The doctor didn’t say anything, but left the room and returned a few moments later with a huge tablet and a glass of water, then left again. He took the tablet. It took some swallowing. The doctor returned, asked if he had taken the tablet. He confirmed that he had taken it, and commented that it was a bloody big pill, only to be told that he should have dissolved it in the water.
“Well”, he thought, “you might have advised me of that in the first place........you might even have put the fucking tablet in the fucking water”.
The doc asked him to open wide, he did (did he moonlight as a dentist, as well as an optician?) the doc sprayed something horrible under his tongue, and said, that’s going to give you a severe headache in a minute, then he left the room again. By now he had guessed that the doc considered him to be poorly, but was keeping it to himself, for some reason, and, strangely, he really didn’t feel like asking. He didn’t actually want to know.

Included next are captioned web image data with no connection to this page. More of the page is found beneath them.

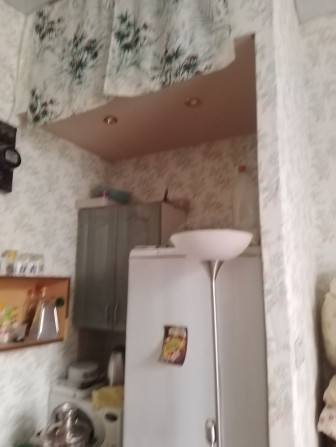 Продам гостинку  недорого - фото 1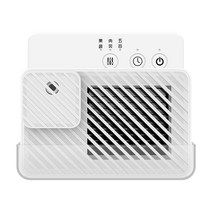 과일세척기 야채 야채 세탁기 과일 소독 정수기 살충제 잔류 물을 제거하기위한 살균 유물, 한개옵션0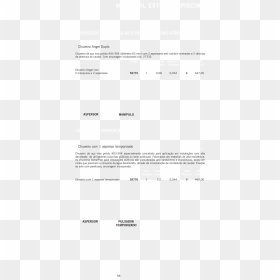 Document, HD Png Download - quadrado png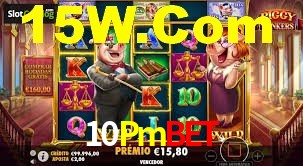 Roulette Table 10Pmbet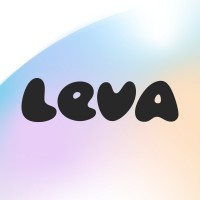 Leva Clinic's Photo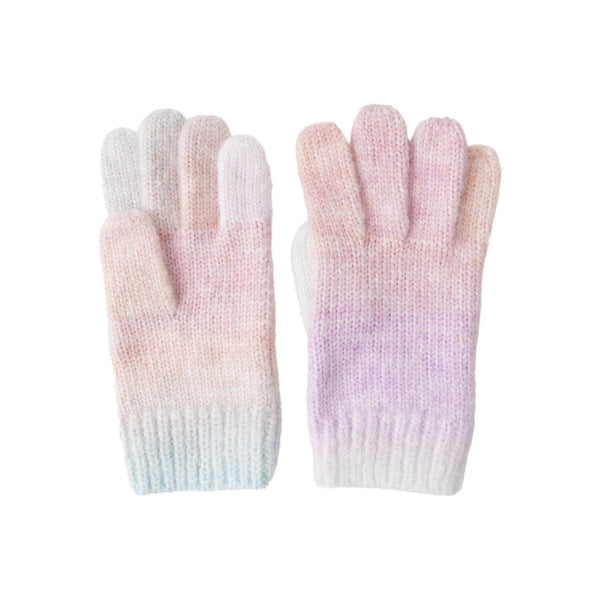 Name it Handsker MISTY - Aquatic-Handsker og vanter-Name it-Ollifant.dk
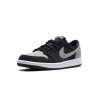 Jordan 1 Retro Low OG Swarovski Stealth (W) 4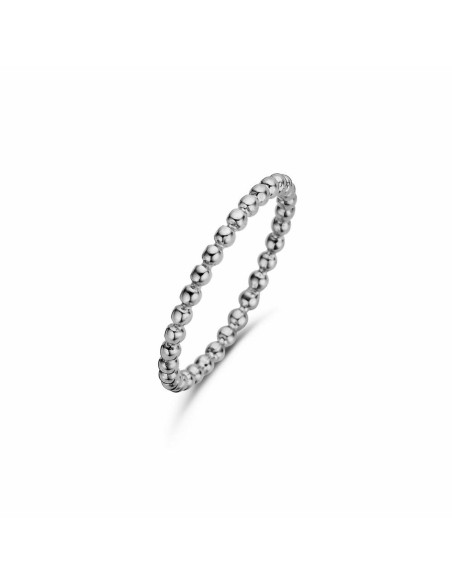 Ladies' Ring New Bling 9NB-0289-52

The doc took him to another room and asked him to wait there. After a few minutes a receptionist with a concerned look on her face peeked in on him and asked him how he was feeling; then, before he could answer, said
“You must be really shocked”
“Well”, he thought, “I am now!”
He continued to wait. He phoned work. He said he would be in later than expected, as he had no idea what time he would be out of the damn quacks, who seemed intent on playing silly buggers. In due course, a hale and hearty para medic arrived, ordered him into a wheelchair, and wheeled him out into a waiting ambulance. Fuck, he thought as he was wheeled through the waiting room, in front of everyone, this is a bit of a show up.